Thursday, January 30, 2020

The Best Books of 2019

In the order which I read them.




Snap.  Belinda Bauer.  Picked it because it was on the Man Booker Long List and one of the reviews said Bauer was heir to the great Ruth Rendell.  Can't remember the details of the story, except that it's about a cold-case murder and a series of crimes that happen in the present.  It's really good for people who like these sorts of things.




A Fifty Year Silence:  Love, War, and a Ruined House in France.  Miranda Richmond Mouillet.  
Another reconstruction of a family history.  In this case the search centers on a house in France which Mouillet's grandparents bought shortly after the end of World War II then left five years later, never (except for one brief encounter) speaking to each other again.  The search for the story of her grandparents takes her not only to letters, archival material and secondary sources, but also the house itself.  This, as some of you know, is one of my favorite genres. 



The Vegetarian.  Han Kang. A very quiet and enigmatic book about a woman's life in South Korea.  A controlled and ordinary life is interrupted by violent nightmares involving blood and brutality, causing Yeong-hye to increasingly withdraw from the life she is expected to lead.  This withdrawal is figured in the act of becoming a vegetarian and eventually becoming anorexic:  a Bartleby-like act of passive denial.  Mysterious and disturbing examination of the nature of submission and subversion.




When Breath Becomes Air.  Paul Kalanithi.  An astonishing memoir by a young neurosurgeon who is diagnosed with terminal lung cancer at the age of thirty-six.  Kalanithi narrates his voyage from young medical student to a decade of training as a neurosurgeon to the unexpected reality of being a patient himself, facing death.  It is a beautifully written book, and despite its grim story, a beautiful reflection on how to make meaning in a life.





Transcription.  Kate Atkinson.  This is the third in a set of novels which Atkinson wrote about World War II.  Although the first two--Life After Life and A God in Ruins--contain a common set of characters who are not a part of the third, Transcription, I still think they go together.  Partly because they are all about World War II in England, and partly because each one plays its own intricate narrative trick.  Transcription seems to be a more conventional narrative, until you get to the end and realize you have to read it all over again to figure it out. 

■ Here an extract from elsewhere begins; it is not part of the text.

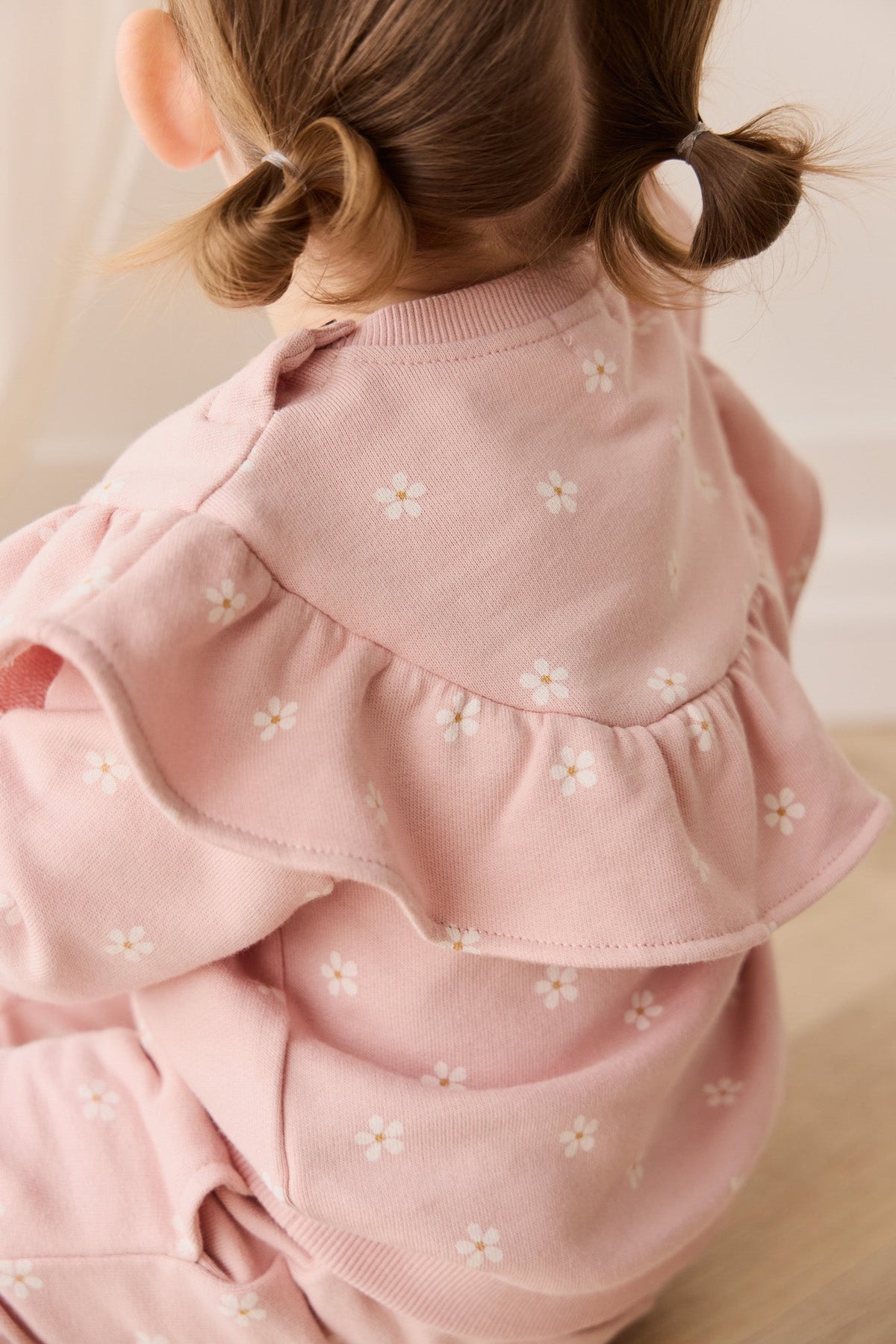 Sweatshirt en molleton de coton stretch imprimé floral rose et blanc avec col à volants et encolure boutonnée pour filles, tenue décontractée de tous les jours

Moby Dick.  Herman Melville.  This was Tony's and my book of the summer.  One in a list of books we read long ago as students and are now trying to read them not as sites of scholarship but as novels.  I had actually read Melville "to death," I feared, as I spent one year of my Ph.D. preparing to take an exam in Herman Melville and read Moby Dick about 4 times in that  year.  Returning after about 70 years, I found the book both familiar and unexpected.  There were parts and passages deeply engraved in my memory and others that gave me a thrilling sense of the new.  The Ahab passages are those that stuck most closely to me: his dramatic soliloquies and actions.  But I newly appreciated all the "whale stuff," this time.  I realized that the power of Ahab's moments were more dramatically realized because they came in the midst of so much more.  If the book were only the parts I most remembered, I don't think I would have remembered them so powerfully.  (If that makes any sense.)



A Tree Grows in Brooklyn.  Betty Smith.  Read in the wonderful Copper Harbor MI book club "Simple Pleasures," run by Lloyd Wescoat who owns the wonderful little bookstore Grandpa's Barn.  The group read the book because a travelling exhibition of the works of Jacob Riis, particularly his photographs of poverty in New York, was opening at the Keweenaw National Park building in Calumet MI.  Although Smith's book is set later than Riis's pictures, it had a strong connection.  This was a book I read countless times as a child, and it was a great treat to return to it.




Trieste and the Meaning of Nowhere.  Jan Morris.  I read this because we were visiting Trieste for the second time.  The first time I went I had no idea of what it was or what it offered.  I returned this year for a second visit because I realized Trieste was remarkable example of a polyglot, dialogic city whose identity was contested in rich and interesting ways.  Morris's book helped make me understand that  She is a tremendously gifted "travel writer."




Agent Running in the Field. John Le Carre.  I keep thinking, well this is the last Le Carre (and I've read all the others), but he keeps surprising me.  He is so prescient and presents the hazy conflicted morality of spies, even all the apparatus has pretty much disappeared. 

PS  Tomorrow we are off to Budapest for two months, so I hope my blog picks up as life there is more interesting than life here!


1 comment :

  1. The reading group here was talking about doing A Tree Grows in Brooklyn, which I have avoided my whole life out of a decided but ungrounded prejudice. Maybe I need to reconsider.